Stem cell aging in the mouse mammary gland. (a and b) Gene set enrichment analysis is used to discover the differences in genes that are expressed in the young (4-6 mon.) and old (30-32 mon.) mouse mammary gland. Two sets (from Dr Sun's lab and that of Lim et al., 2010) of luminal signature genes were analyzed and indicated as black bars in the plots. The luminal cell signature genes were significantly enriched in the old basal cells, and no significant enrichment was seen in young or old luminal cells. (c-j) Immunostaining of representative mammary ducts from old (26-31 mon., n = 6) C57BL6/J mice showing that basal cells were CD49fhi, SMA+ and K8- in the majority normal (c, e) and hyperplastic ducts (d, f), but the presence of CD49fhi luminal cells (K8+, SMA-) in a few hyperplastic lesions (g-j). Scale bars, 10 μm. Images courtesy of Dr.
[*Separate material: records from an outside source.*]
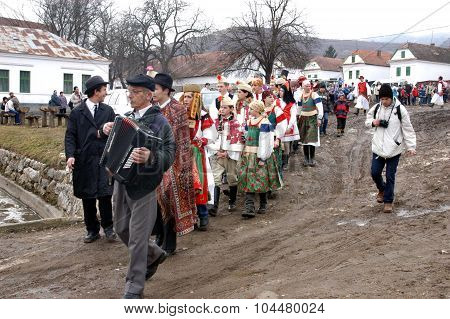 People In Traditional Costumes Celebrating The Winter Carnival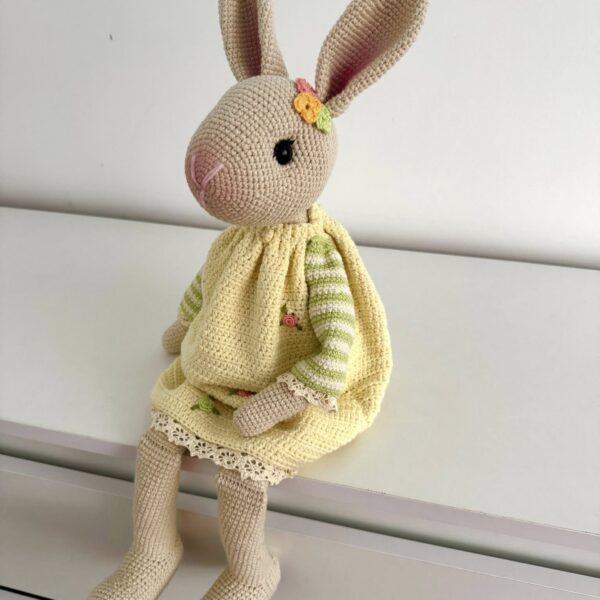 Ręcznie szydełkowana maskotka króliczka amigurumi w żółtej sukience z ozdobnym kwiatuszkiem przy uchu, siedząca na białej komodzie.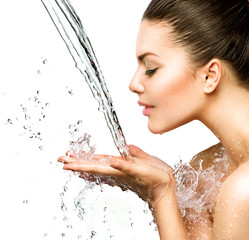 Beautiful model woman with splashes of water in her hands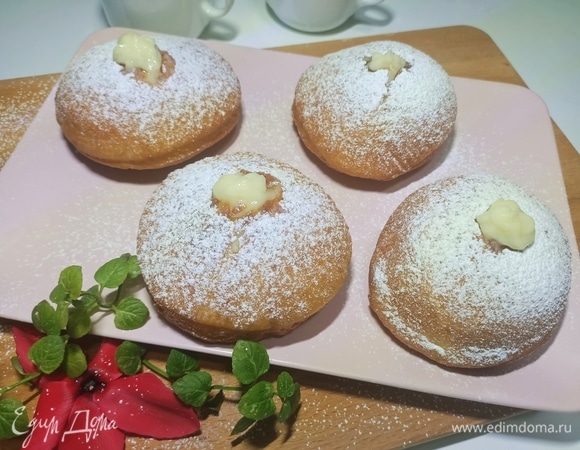 Выложить пончики на бумажное полотенце для удаления лишнего жира. Дать им немного остыть, а затем обвалять в сахаре или сахарной пудре. С помощью кондитерского мешка с острой концовкой наполнить выпечку заварным кремом. Приятного аппетита!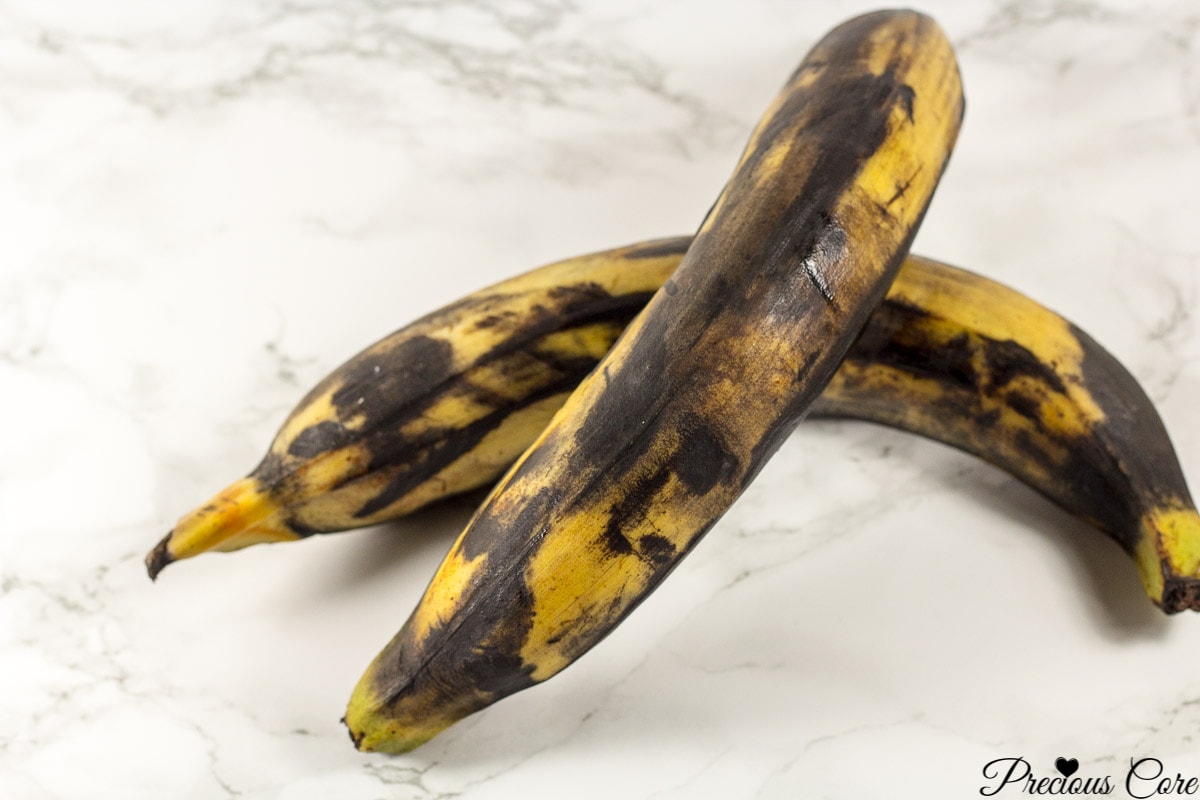 Very brown plantains on a marbled countertop.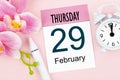 February 29th mini calendar for February 2024 and pink orchid with alarm clock background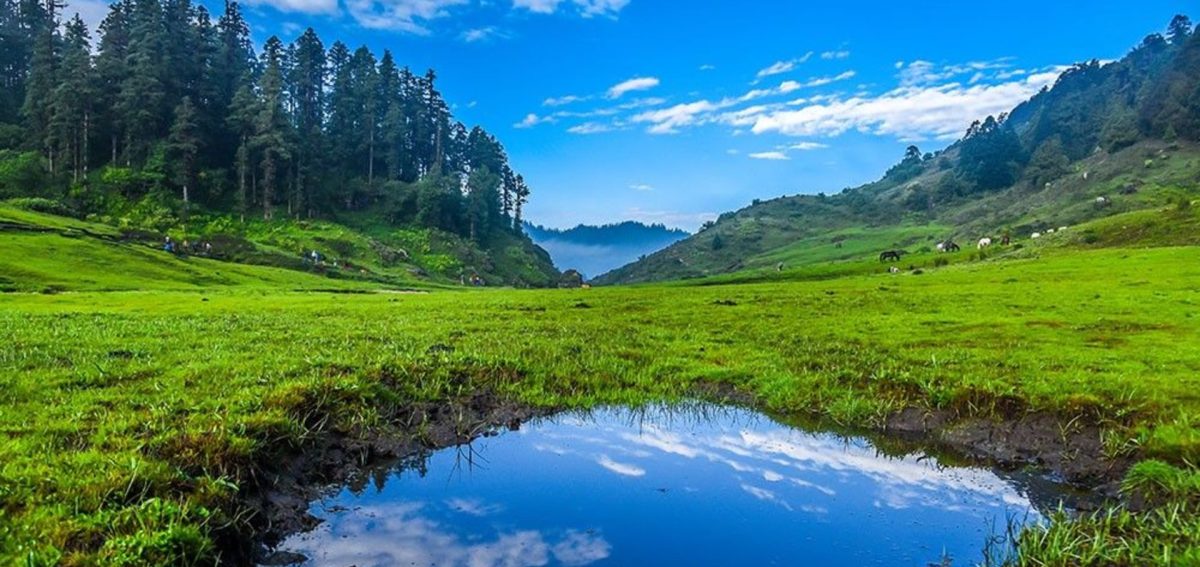 Khaptad meadow and lake in far western Nepal reflecting the beauty of far west trek Nepal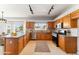 Kitchen with wood cabinets, granite countertops, and stainless steel appliances at 10765 N 119Th St, Scottsdale, AZ 85259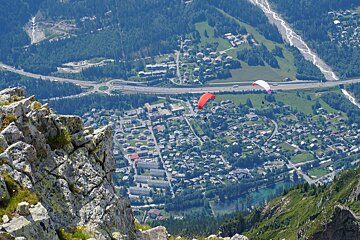 A paraglider is flying over a small town in the mountains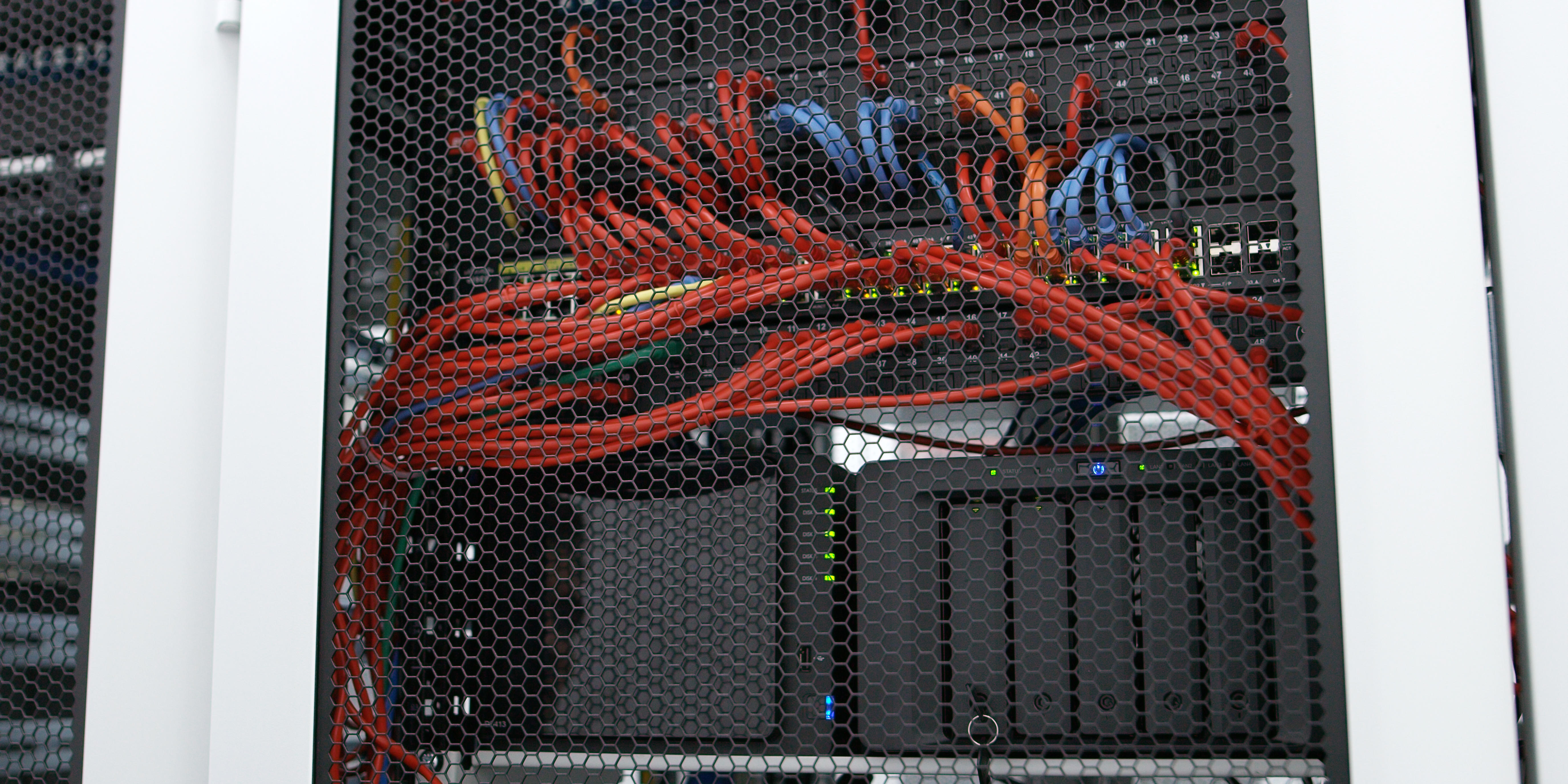 The back of a server and wires in a communications closet.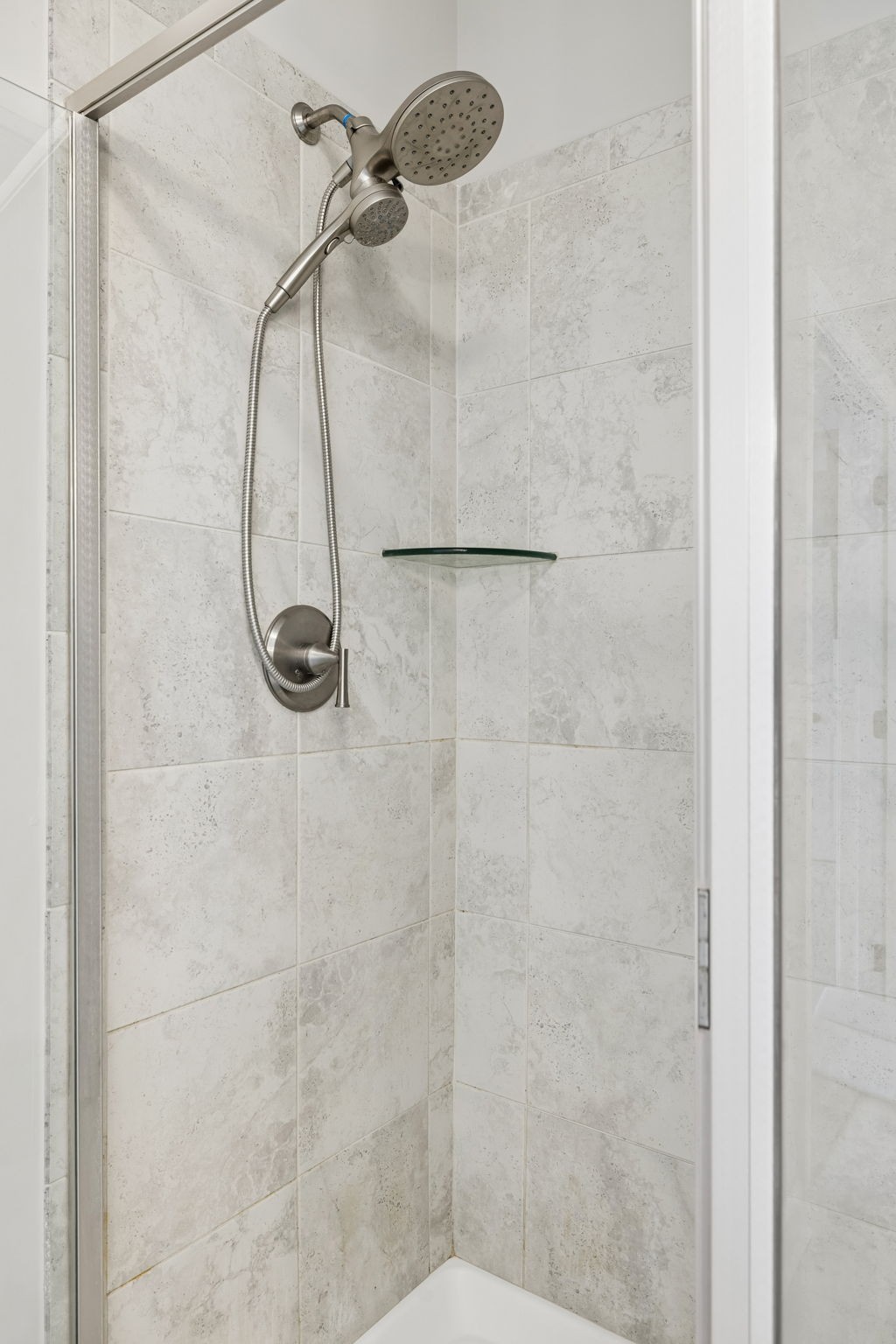 1002 Garrison Way Spring Hill, TN 37174 - Photo 49 of 63 a bathroom with a shower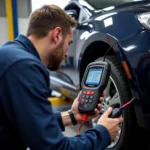 Mechanic Using a Diagnostic Tool on a Car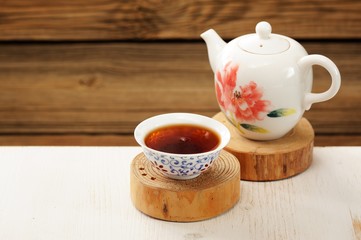 Ripe puerh tea in white bowl brewed in white porcelain pot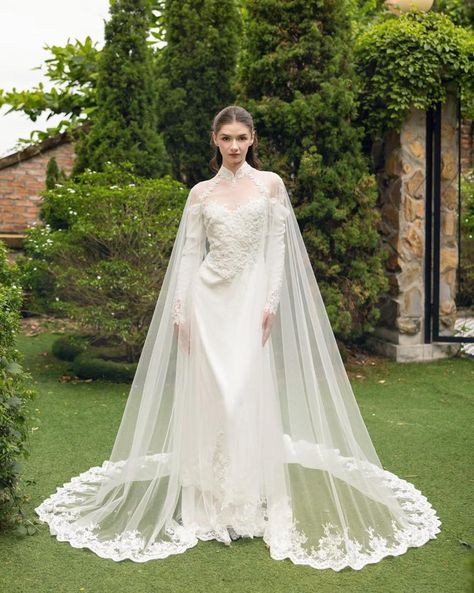 Draped in lace 🤍 Elevate your wedding ensemble with our stunning new bridal cape, designed to add a touch of luxury and elegance to your special day. Whether you're walking down the aisle in a classic wedding dress or a traditional ao dai, this exquisite piece is the perfect accessory to complete your look. Crafted with meticulous attention to detail, our bridal cape offers a blend of timeless sophistication and modern style. The delicate fabric drapes beautifully, providing an ethereal lay... Tulle Cape, Bridal Cape, Dream Dresses, Classic Wedding Dress, Light Ivory, Soft Tulle, Bridal Robes, Draped Fabric, Wedding Veil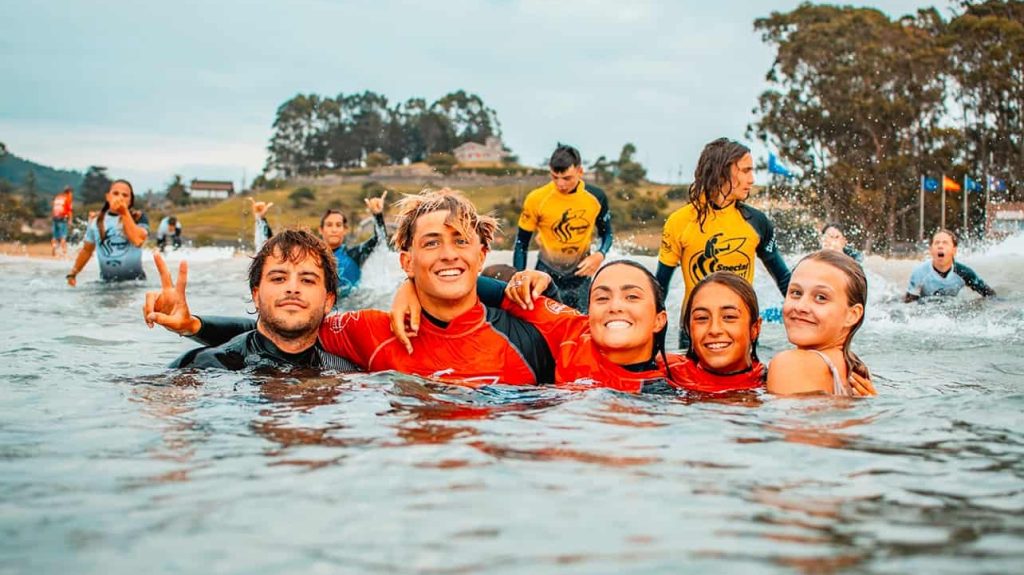 Niños disfrutando en el agua en el campamento de surf en Asturias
Sun.
Organization of the vascular subventricular zone (V-SVZ), one of the locations of neural stem cells in the brain. A) Diagram of the V-SVZ niche in the mouse brain. The niche is a complex environment with several cell types playing various roles. Key elements are the blood vessels and the microglia. In aging, changes in the activity of the neural stem cells depend on changes in the blood supply to the niche and on changes in the activity of the microglia. B) The blood vessels appear green and dividing cells appear red in this fluorescence microscope image. C) The microglia appear purple in this image. Images courtesy of Dr. Kokovay.